3. Sensing Bluely

“If there are states of sensing bluely, they obviously do not present themselves as such—otherwise the very existence of a controversy about their existence would be inexplicable.” Sellars (1981, 67)

It’s time to get down to the nitty gritty. In the first of these posts I suggested that we look to vision science to motivate some version of colour relationism, and in the second I argued that we should stop thinking of chromatic vision as merely colouring in our perceptual world, but as a means of detecting and discriminating a range of object properties. So what should we now say about colour ontology?

In the book a propose an account whereby colours are properties not of objects, nor of perceivers, but of the perceptual interactions that relate these two. It is a kind of adverbialism because colours are attributed not to things but to an activity (perceiving). For example, instead of saying that the distant mountains are blue, the adverbialist opts to say that they are seen in a blue way—seen bluely. Now the point of my proposal is not to encourage people to replace ordinary English with these awkward adverbial rephrasings. Rather, it is to capture the insight of the recent experimental work on the interaction between chromatic vision and other visual processes. The important lesson was that seeing in colour reveals a world of things around us, regardless of whether or not those things bear a physical or mind-independent property that corresponds to our chromatic experiences.

The basic idea is that colours are both, and at the same time, ways that visual stimuli appear to us and ways that we perceive those things. Take the fungi in these photographs. The availability of colour makes their presence much more vivid—their contrast against the forest background appears to us in this orangey way.


Adverbial analyses of perceptual states were first developed in the mid-twentieth century as an alternative to the then dominant sense-data theories of perception. By the late 1980’s a couple of objections to adverbialism were considered deadly enough to have killed off the whole idea. Wilfrid Sellars is one philosopher who toyed with adverbialism at various points during his career. In a late work, the Carus Lectures, he floats an adverbialist solution to the problem of how we fit conscious sensory events into the apparently non-mental world of neurobiology. The crucial difference between Sellars’ proposal and mine is that he takes colours to be properties of sensing events which are entirely internal to the brain of the individual subject, whereas I extend the process to which we attribute colour outside to include the object perceived.
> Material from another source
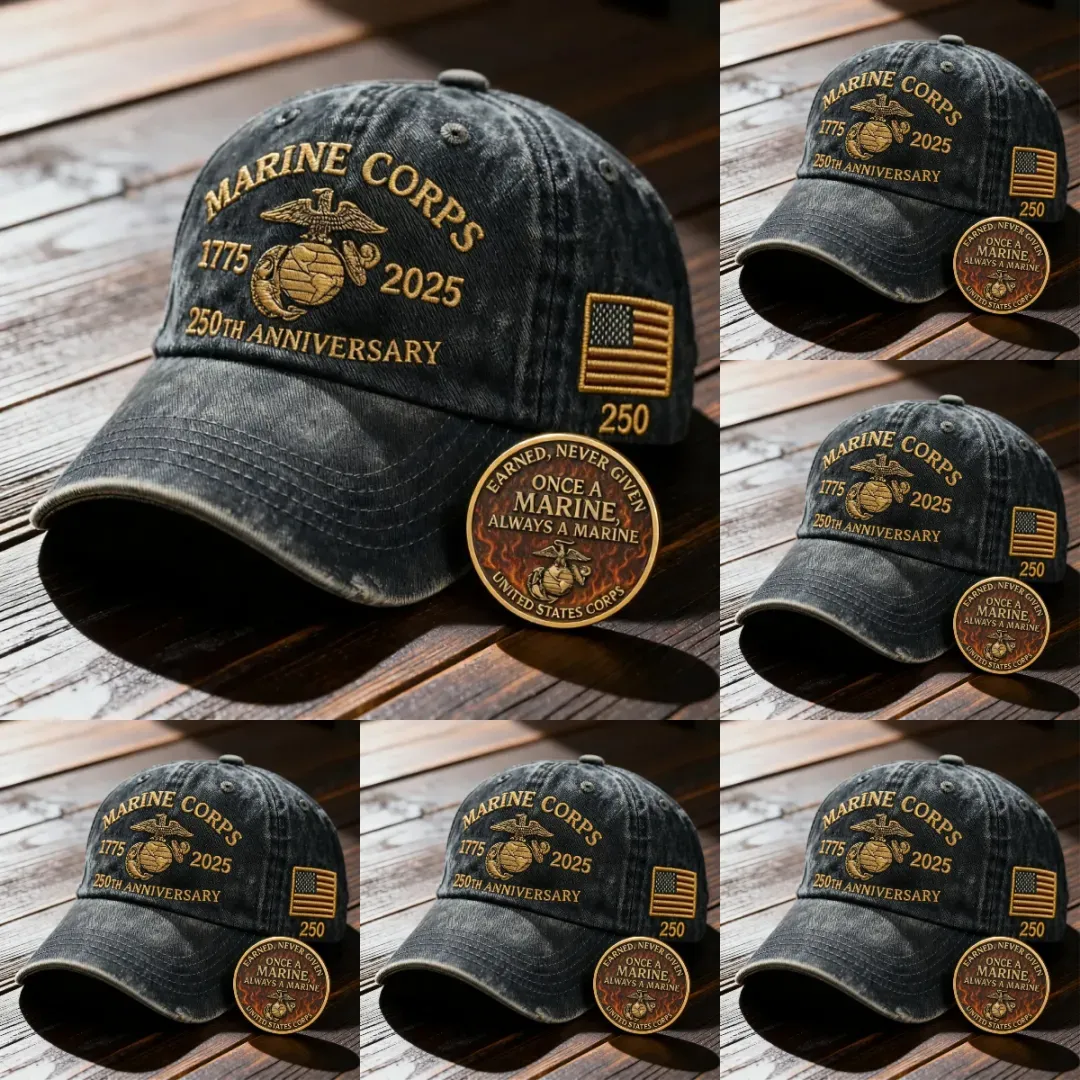 ❤️Veteran‘s Day Best Gift🌹Honoring 250th USMC Retro Washed Cap – Honor That Never Fades 🇺🇸🎁Free Symbolizes Honor Gift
Like Sellars, I end up with an account which is puzzling and revisionary from the perspective of ordinary language and common philosophical interpretations of visual experience. Sellars was unruffled, writing:

“To put it bluntly, the fruits of painstaking theory construction in the psychology and neuro-physiology of sense perception cannot be anticipated by screwing up one’s mental eye (the eye of the child within us) and “seeing” the very manner-of-sensing-ness of a volume of red.” (1981, 19)

I didn’t think that my readers would let me off so easily, so I devoted the last two chapters of Outside Color to dealing with objections stemming from orthodox ideas about visual experience and the common analysis of perceptual states as representational ones.
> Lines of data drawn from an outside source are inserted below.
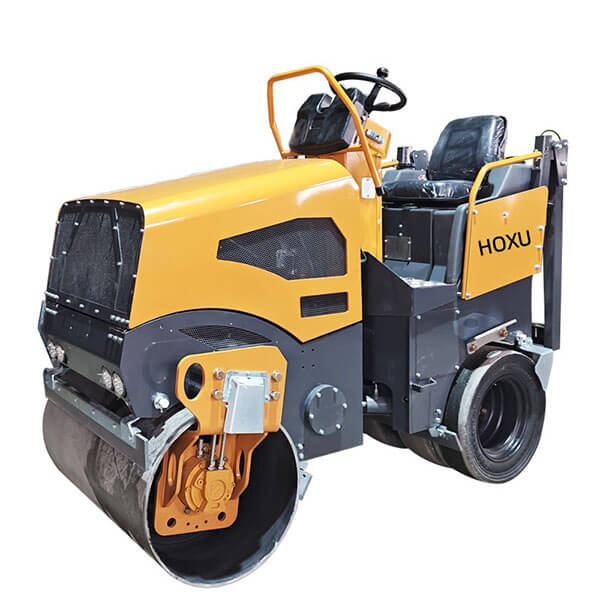 Articulated double drum vibratory road roller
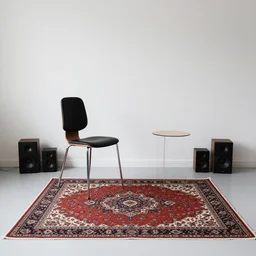 a room with a chair, a table, few speakers and a persian carpet on the floor, unsplash, postminimalism, aesthetic
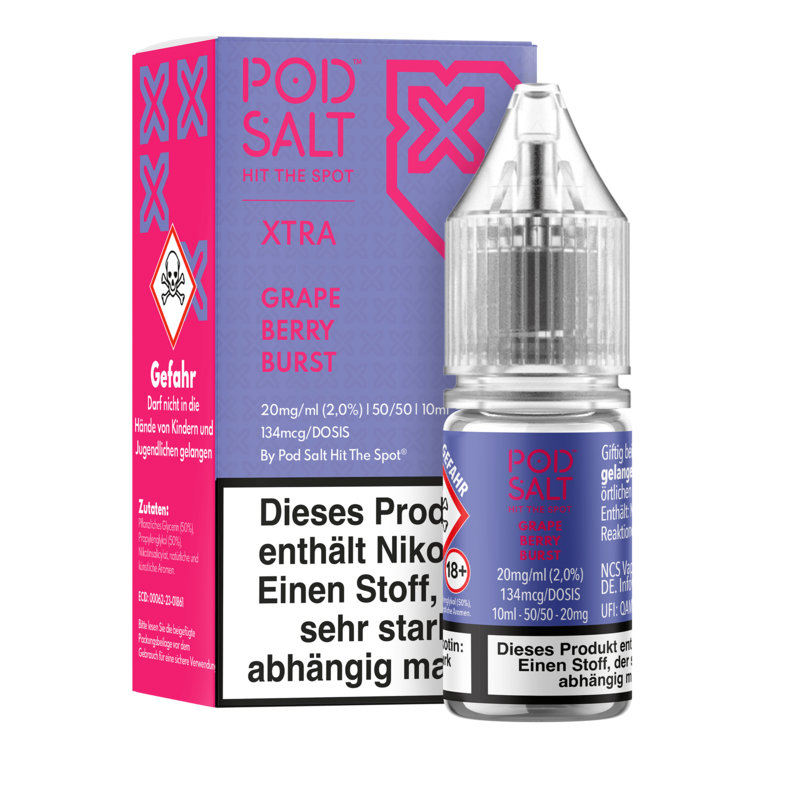 Pod Salt Xtra - Grape Berry Burst - 10 ml Nikotinsalz Liquid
Still, I don’t suppose I will have disarmed all that many of the likely objections to colour adverbialism. I take heart from these word from the great Sudanese artist, Ibrahim El-Salahi, whose piece The Tree is the cover image of my book:

“I keep working on one particular theme inspired by a tree, an acacia locally called the Haraz that grows on the banks of the Nile. During the rainy season the tree is leafless, and it blossoms with freshly budding green leaves when the weather turns dry and the river flows at its lowest towards the sea. …..This is a definitive statement. Like saying ‘I am me! I am an individual! I do not follow what everyone is doing! When everyone is going to be green, let them be green. I am not!’.”


Sellars, W. (1981). Foundations for a metaphysics of pure process. The Monist 64(1), 3–90.
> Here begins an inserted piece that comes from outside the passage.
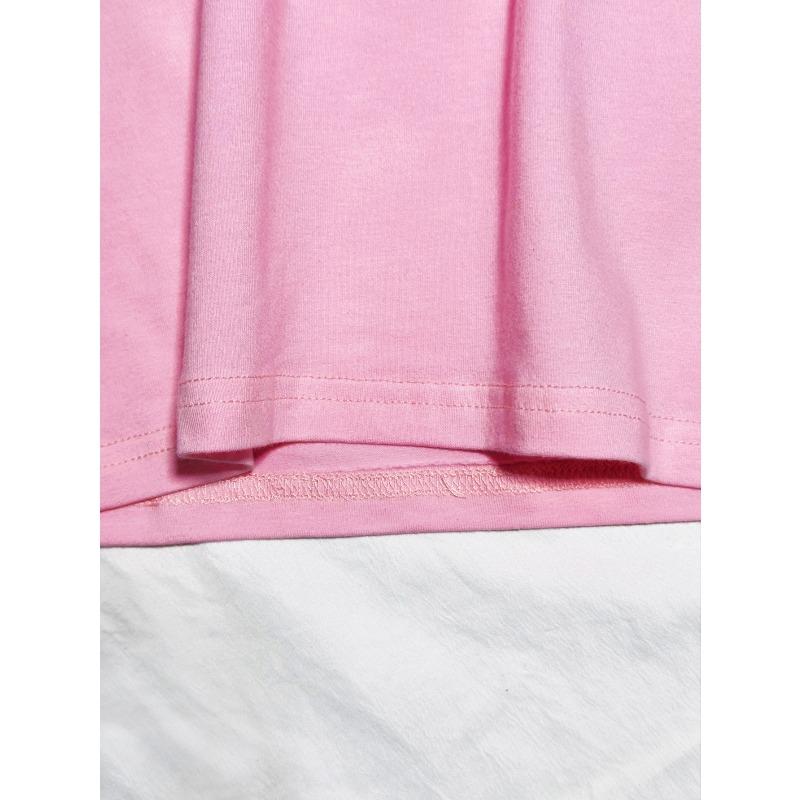 European sizes One-Pack, Girls' Round Neck Short Sleeve T-Shirt with Fashionable Print Design, Stretchy Soft Breathable Fabric, Versatile Style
Feature image: Haraz tree / Faidherbia Albida


  1. The use of adverbs like “bluely” is certainly awkward, but the use of adverbial phrases seems quite orthodox in describing object colour perception. For example in the checker shadow illusion, we see A as a dark surface under high illumination and see B as a light valued surface under low illumination. In your photo of mountains I might see the areas tagged by my visual system with a blue opponent signal as blue mountains or as dark mountains seen through a blue atmosphere. How does “adverbialism” differ from “unconscious inference”?

    • Mazviita Chirimuuta

      Hi there — I present adverbialism as a theory of colour ontology — what kind of properties colours are, whereas the theory of unconscious inference concerns the mechanisms or processing steps which lead up to perceptual states. So it’d be really interesting to think more about whether adverbialism has implications for what the mechanisms of perception are.

      • Thanks Mazvilta, what I meant by my comment was just an observation that the idea that object colours are “ways of seeing” parts of the visual field seems to me to be implicit in the notion of “unconscious inference”, and that the use of adverbial expressions to describe such colours is commonplace. Clearly I’ll need to read your book to understand what adverbialism is and what’s new about it!